José Goulão | AbrilAbril | opinião
A operação para impor uma «solução
final» do problema palestiniano dirigida pelos EUA, Israel e Arábia
Saudita está a adquirir uma envergadura que escapa à comunicação mainstream –
o que não acontece por acaso – e também às mais importantes instâncias
internacionais, sobretudo à ONU.
Mais alguns passos foram dados em
dias recentes, agora que faltam duas semanas para a «conferência de
paz» de Manamá (Bahrein), iniciativa que os organizadores pretendem
transformar no início de um caminho irreversível – e fatal para os direitos dos
palestinianos.
Um dos passos com enorme
significado, porque traduz uma alteração de forças com peso na cena
internacional, é a mudança de posição da Índia na ONU. Confortado com o reforço
da sua vasta maioria nacionalista e populista, o primeiro-ministro Narendra
Modi transformou a sua relação com Israel, que já era especial porque
sustentada na esfera militar, num apoio internacional aos desígnios do Estado
sionista e na ruptura com as estruturas que representam os palestinianos.

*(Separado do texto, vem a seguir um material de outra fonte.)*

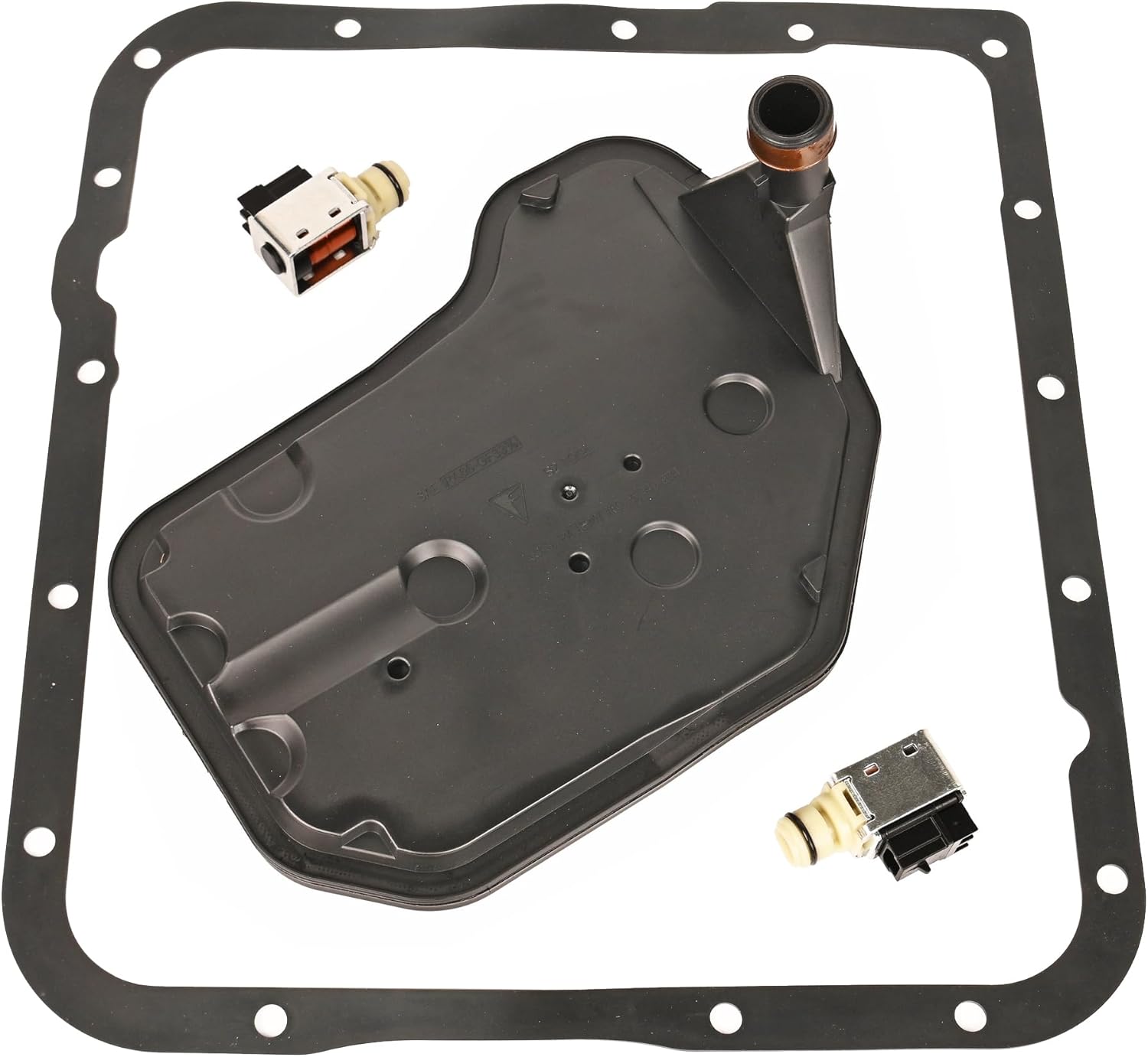 4L60E Shift Solenoid A&B with Transmission Filter Gasket kit Compatible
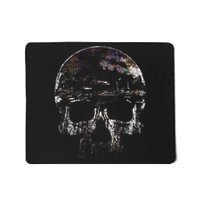 Distressed Skull Graphic Mousepad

Motivo alegado: a gestão da Faixa de Gaza pelo Hamas, um grupo «terrorista».
Um pretexto que dá para tudo e,
sobretudo, carregado de coerência porque é invocado por alguém que tem vindo a
reforçar posições políticas internas recorrendo ao terrorismo contra os
opositores.
Outro passo dado, embora num
contexto mais geral cujos contornos são ainda difusos, foi o encontro secreto
realizado em Israel entre os conselheiros de segurança dos Estados Unidos, John
Bolton, da Rússia, Nikolai Patruchev, e do Estado sionista, Meir Ben-Shabbat. Diz-se que a Síria e o Irão foram os temas centrais da reunião, mas não é
possível abordar estes assuntos fora de um contexto regional onde se encontra,
em destaque, a questão palestiniana.
A Rússia anunciou que não
participará na «cimeira» de Manamá e que defende o direito internacional;
mas também se vem percebendo que existe pouca vontade de Moscovo para
confrontar Israel com as suas constantes violações do mesmo direito
internacional.
O «direito de anexação»
Outro passo, este com uma
repercussão mais imediata, é a luz verde dada pelos Estados Unidos à anexação
do território da Cisjordânia por Israel. Não há outra leitura a fazer da
entrevista concedida ao The New York Times pelo embaixador
norte-americano em Israel, David Freeman, um dos autores do chamado «Acordo do
Século», a solução da questão palestiniana que os Estados Unidos e Israel
pretendem impor.
Freeman deu a entrevista como
«embaixador», pelo que as suas palavras não podem ser interpretadas a título
pessoal. E o diplomata, ex-advogado do grupo do grande empresário Donald Trump,
declarou textualmente que Israel «tem o direito» de anexar os territórios
da Cisjordânia, ainda que «não todos».
Estas palavras devem então ser
interpretadas no contexto em que foram proferidas para que se entendam todos os
mecanismos em desenvolvimento através de uma operação montada de maneira
integrada.
O «Acordo do Século», ainda não
divulgado oficialmente, parece ser apenas parte de uma engrenagem com impacto
regional e global onde se jogam interesses transnacionais de biliões de
dólares; e onde os palestinianos entram, no final, como uma parcela de
mão-de-obra barata ou mesmo escrava. Business as usual.
O «Acordo do Século» foi
redigido por quatro pessoas: Jared Kushner, genro e conselheiro do presidente
Donald Trump para o Médio Oriente; Jason Greenblatt, ex-advogado do grupo Trump
e enviado especial do presidente norte-americano para negociações internacionais;
David Freeman, ex-advogado do grupo Trump e embaixador dos Estados Unidos em
Israel; e Avi Berkowitz, chefe de gabinete de Kushner.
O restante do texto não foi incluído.